You cannot re-write a love story, as the French saying goes, but Manchester United arrive in Paris hoping to do exactly that.
It is some 596 days since that dizzying, intoxicating 3-1 victory at the Parc des Princes which convinced United once and for all to go steady with Ole Gunnar Solskjaer, turning their three-month fling into a committed long-term relationship.
Sadly, there was no honeymoon period to speak of - United lost eight of their remaining 12 games that season - and the hastiness to appoint Solskjaer on a permanent basis was something straight out of an all-night Las Vegas wedding chapel rather than a match made in the city of love.
A year and a half later, as Solskjaer closes in on 100 games in charge, overturning a 2-0 first-leg deficit and beating Paris Saint-Germain in their own backyard is still his greatest night and arguably his most impressive achievement. The challenge now is to repeat it.
The stakes are not nearly as high as they were in March of last year - with this just the first group stage match of United’s return to the Champions League, rather than the second leg of a knock-out tie - but it marks the start of a brutal run of fixtures that Solskjaer and his players must successfully negotiate.
An Old Trafford triple-header against Chelsea, RB Leipzig and Arsenal follows this Group H opener, then come Istanbul Basaksehir and Everton away. United will not be the overwhelming favourites to win any of their next six games. Lose the majority of them and Solskjaer will inevitably come under pressure.
At the same time, these are exactly the types of match-ups in which Solskjaer’s United typically excel. They have a clear blueprint for games which they are not expected to win - absorb pressure and counter-attack at speed - and they executed that plan to perfection on their last visit to the French capital.
Thomas Tuchel is expecting more of the same. The PSG head coach described United as “one of the best teams in Europe in offensive transitions” yesterday, after marvelling at the “super rapid” speed of Marcus Rashford and Anthony Martial. “We have to try and stop all these fast breaks,” he stressed. “We've got to try and keep the ball.”
Can United do it all over again? If that is Solskjaer’s plan, they will need to be just as efficient in attack as they were 19 months ago. The three goals that night came from only five shots and each one was significant.
The first was Romelu Lukaku’s opener, set up by a wayward Thilo Kehrer backpass. The second was a Rashford shot from distance which Gianluigi Buffon spilled, allowing Lukaku to convert on the rebound. United’s fourth shot - the speculative effort from range by Diogo Dalot which brushed Presnel Kimpembe’s arm - arrived in the 90th minute. Their fifth and final attempt of the evening was Rashford’s decisive penalty.
What if just one of those bounces had not gone United’s way that night? What if either Buffon or Kehrer had avoided making a mistake? What if Kimpembe had not been penalised for handling a ball he was not even facing, as some argued he shouldn’t have been? Considering the collapse of form which followed, it is tempting to wonder whether Solskjaer would have still been appointed on a permanent basis.

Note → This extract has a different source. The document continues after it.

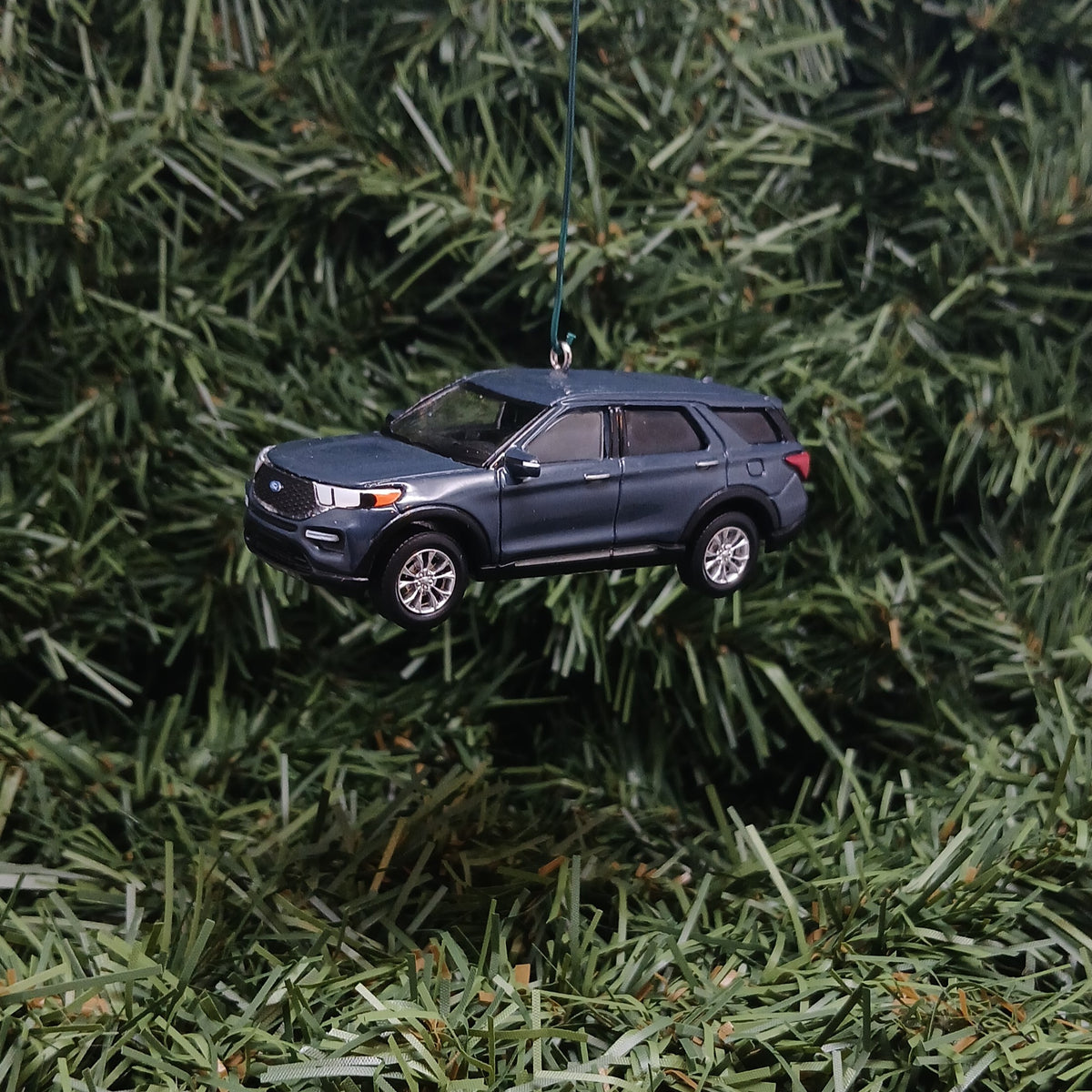 FORD EXPLORER Ornament Christmas Decoration Unique Gift 2024 Stone Blue suv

But to focus solely on United’s fortune in attack does not tell the whole story.
Solskjaer’s one and only mistake that night was selecting Eric Bailly, who was disastrous as a makeshift right-back. PSG were rampant in the opening half hour, at one stage limiting United to just 12% possession, but once Bailly was replaced and Solskjaer found balance, his players were defensively excellent.
From then on, United barely gave PSG a sniff. Victor Lindelof was enjoying the spell of form which would establish him as a regular starter. Chris Smalling was a commanding presence. Fred and Scott McTominay - nothing more than fringe players under Solskjaer up to that point - proved that they could be trusted to play together as a protective midfield partnership.
McTominay described his memories of that night as “probably some of the best you’ll ever have on a football pitch” yesterday. “For us we want déjà vu.” For that, he and his team-mates will once again need to be at their very best out of possession as well as in it. Once again, they will need to be almost perfect.
The absence of Harry Maguire - who has not travelled due to an injury - may or may not help. Solskjaer’s captain returned to form in Saturday’s 4-1 win away at Newcastle United but he has been so erratic over the last few months, perhaps a rest will do him good.
Solskjaer said that Mason Greenwood - who made his senior United debut as a substitute in the 3-1 win - is unavailable this time around due to a “niggle”, despite images of him training at Carrington on Monday morning. A return to the Parc des Princes has also come too soon for Edinson Cavani, who is said to have been desperate to make his United debut against his former club.
But United’s numbers were depleted on their last visit too. It did not stop Solskjaer from engineering one of the most famous wins in the club’s recent European history and he will believe his players can do the same again.
And even if this trip proves to be far less memorable, even if United suffer defeat just as they embark on a most testing run of fixtures, even if you cannot re-write a love story after all, at least they’ll always have Paris.